Young investors who are looking to save for retirement can opt for provident fund schemes such as EPF, VPF and PPF as these provide assured return on the investment along with income tax deduction benefits.
Companies with more than 20 employees have to mandatorily comply with Employee Provident Fund (EPF) schemes of the government.
Under the scheme, an employee is required is contribute a part of the monthly salary into the EPF investment account. The same amount is contributed by the employer.
The scheme was created with the hope to providing financial security and stability in the future to all employees.
The saved amount earns interest as fixed by the Employees' Provident Fund Organisation (EPFO) and is also eligible for tax deduction.

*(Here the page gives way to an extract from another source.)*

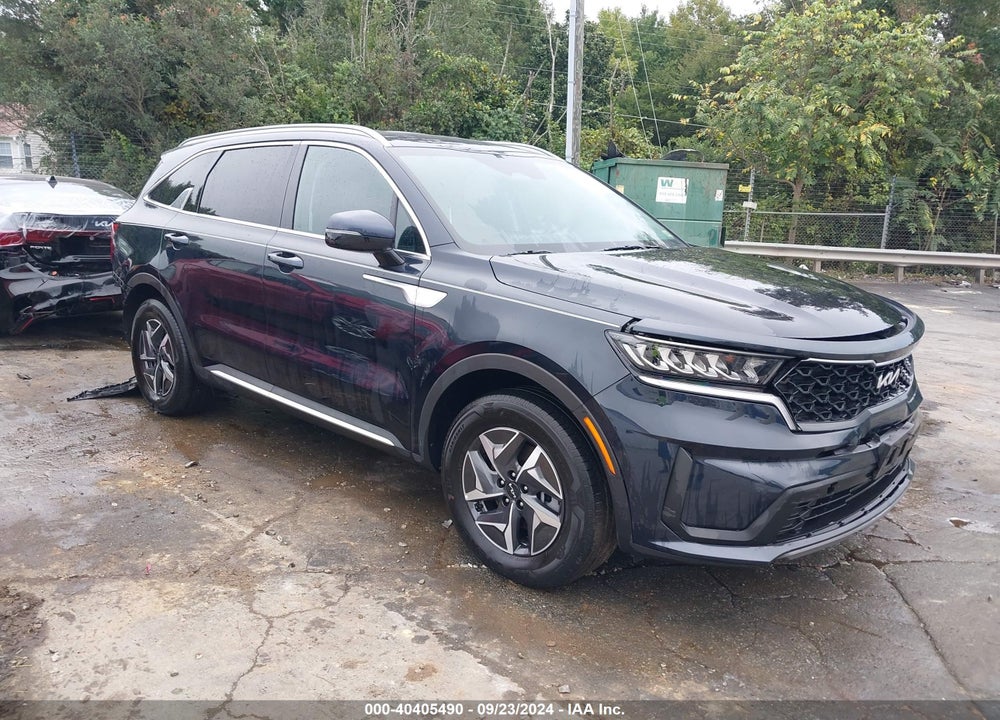 2022 KIA SORENTO HYBRID S VIN: KNDRGDLG5N5107056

PPF or Public Provident Fund is a government-guaranteed scheme that offers fixed return and provides tax benefits.
Salaried and non-salaried investors can opt for a PPF account. There is no contribution made by the employer to the account. The scheme stretches for a period of 15 years.

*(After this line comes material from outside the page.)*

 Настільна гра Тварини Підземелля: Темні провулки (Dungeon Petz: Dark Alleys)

The interest earned on the PPF scheme is compounded, which means the investor can earn interest from the money invested as well as the interest earned.

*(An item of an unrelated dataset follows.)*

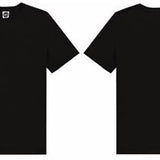 Blackpool T-Shirt - black with white text, on front or back, ideal holidays, jokes, tours, gifts, trend setters will wear this! - Rainbowprint.uk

VPF or Voluntary Provident Fund is a voluntary scheme. Those who opt for this can contribute to their PF account over the 12% mandated under the EPF guideline.
Employees can contribute any percentage of their salary to the Provident Fund account. However, unlike in case of the EPF, the employer is not obligated to contribute any amount towards VPF.
The amount is credited to the EPF account and contributors earn interest similar to EPF. There is no separate account for VPF.
While most salaried employees already contribute to the EPF scheme, those looking to increase their retirement portfolio can contribute more through the VPF or PPF scheme.
The decision to choose between PPF and VPF depends on the individual’s investment horizon and return expectations. At present, the rate of return for VPF is 8.5%, while it is 7.1% for PPF.
As VPF has a higher interest rate, contributing to this scheme can build a sizeable retirement fund at a faster rate.
Those who earn higher income can opt for both VPF and PPF to enjoy tax-free interest.
Self-employed individuals can opt for PPF, which is an efficient investment tool for long-term wealth creation and tax-saving.